Records excerpted from a collection:
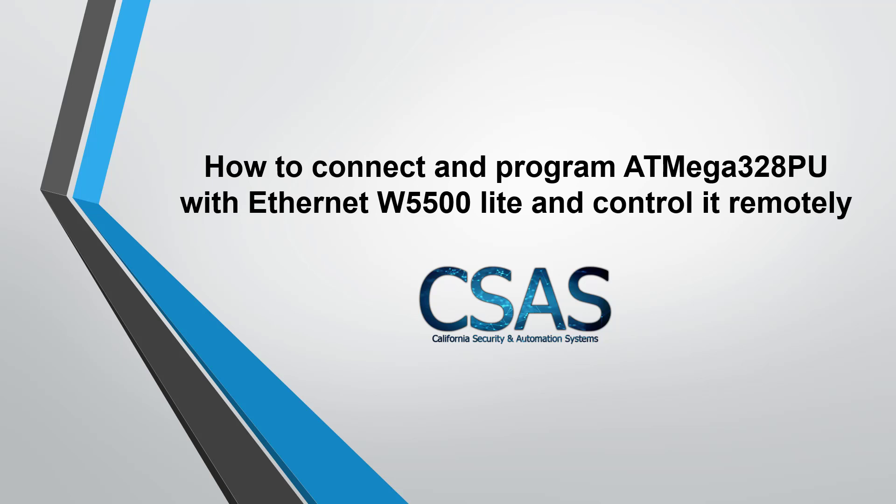Hello and welcome to California Security and Automation System with another video about electronics and microchips. In today's video I'll show you how to connect an ATmega 328 PU microchip, which is the brain of Arduino Uno, to the Ethernet. This is something you can do for your final project.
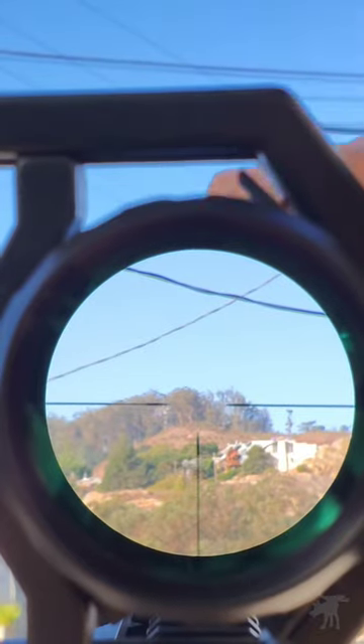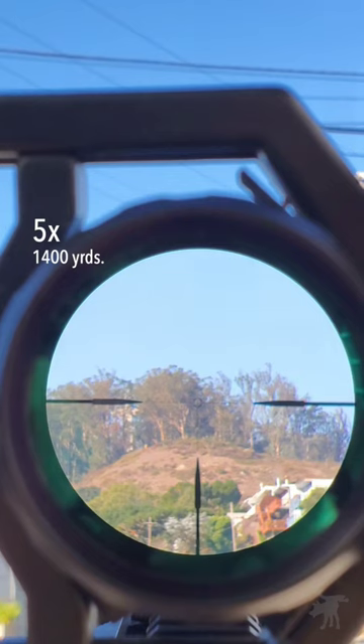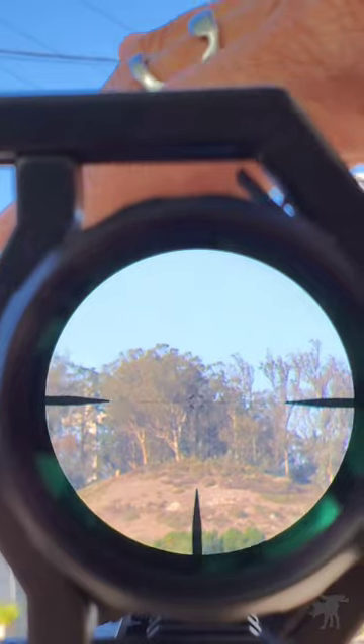I'm going to increase the magnification about halfway to five, and you'll notice the reticle enlarges because it's on the first focal plane. We can start to see the stadia and markings of the long-range reticle come into view.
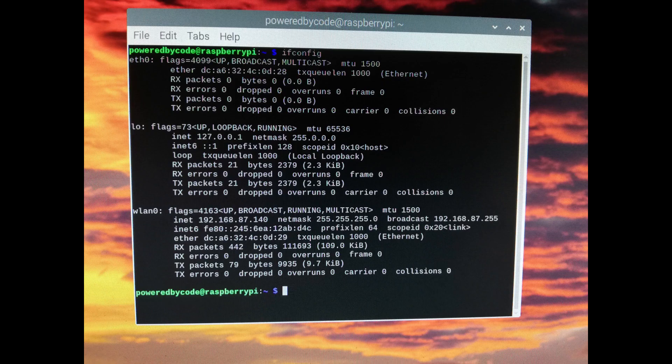I use WiFi on my Raspberry Pi. Therefore I can find the IP address under wlan0. Write the IP address down on a piece of paper or take a picture.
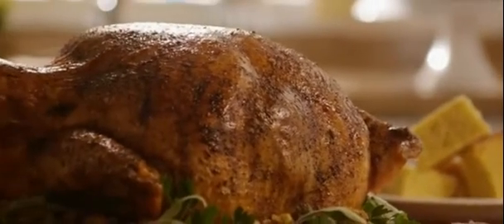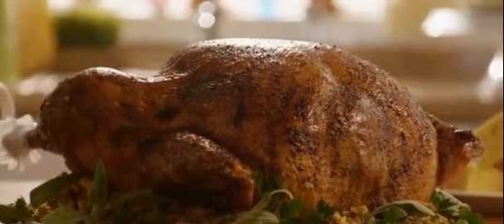Allrecipes member Shelton used this recipe and raves: "This was my first attempt at doing a brine and I will never prepare a turkey any other way from now on."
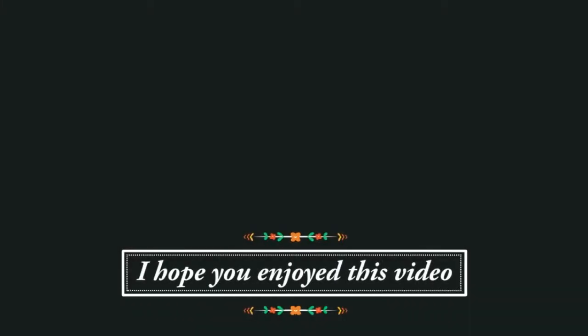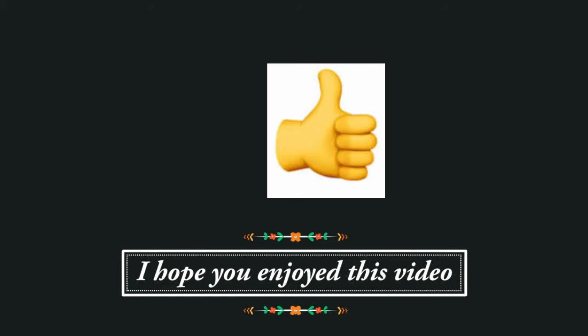Thank you so much for watching. My battery didn't die — yay! You will see me in the next video. If you enjoyed this video, I would love to know. You can click on the little thumb that's sticking up below.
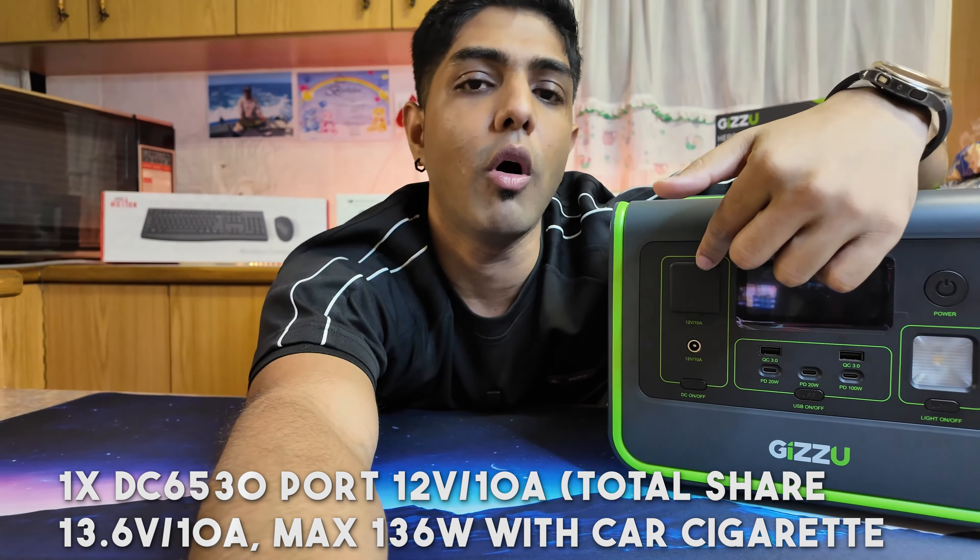This device retails between R7,500 and R8,000, available in an awesome Gazoo dark gray and black with green stripes. It's backed by a 24-month warranty from Gazoo and Syntec. The two-year warranty alone speaks to how strong this brand is - they're one of the biggest distributors of power devices in South Africa and haven't experienced issues in the market.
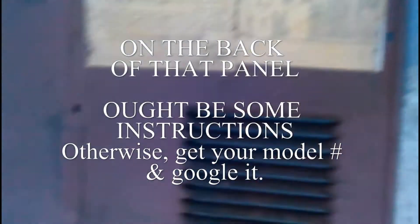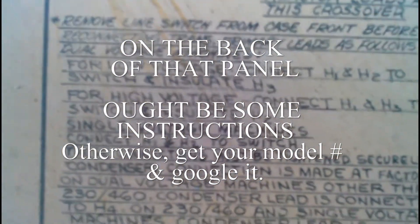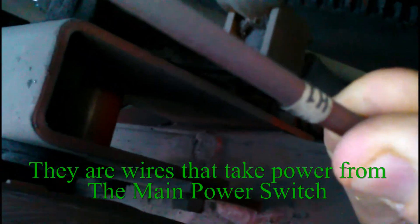And then inside, you will see on this panel it says: for low voltage, connect H1 and H2 to switch, and insulate H3. There's a little label — H1, H2 — and insulate H3.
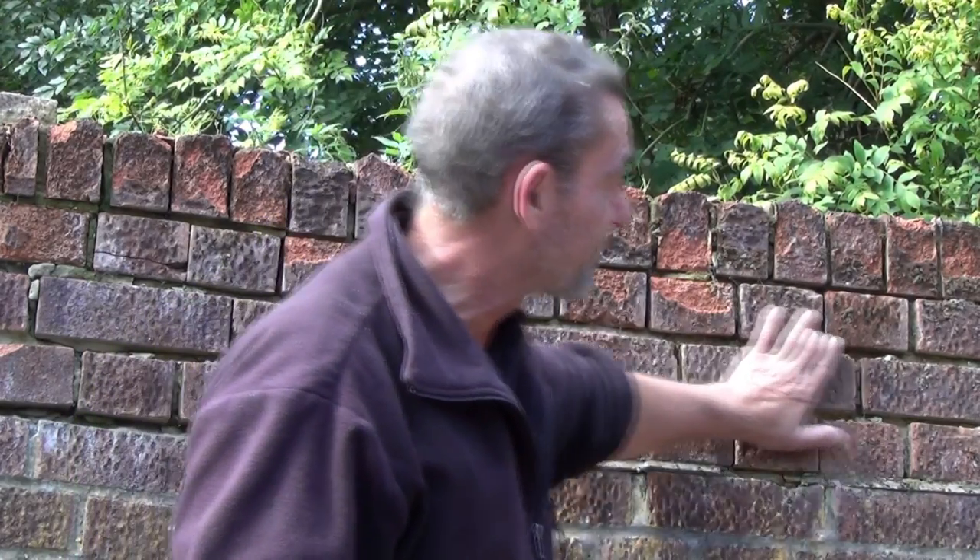Repointing is a relatively easy job to do and could potentially save you a fortune. In this video I'll show you how to prepare and repoint damaged mortar joints such as these.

Assigned task:
The line containing "And then inside, you" and every line after it, through the end of the records, are what you should retype exactly. Do not include the pictures.

Completed task:
And then inside, you will see on this panel it says: for low voltage, connect H1 and H2 to switch, and insulate H3. There's a little label — H1, H2 — and insulate H3.
Repointing is a relatively easy job to do and could potentially save you a fortune. In this video I'll show you how to prepare and repoint damaged mortar joints such as these.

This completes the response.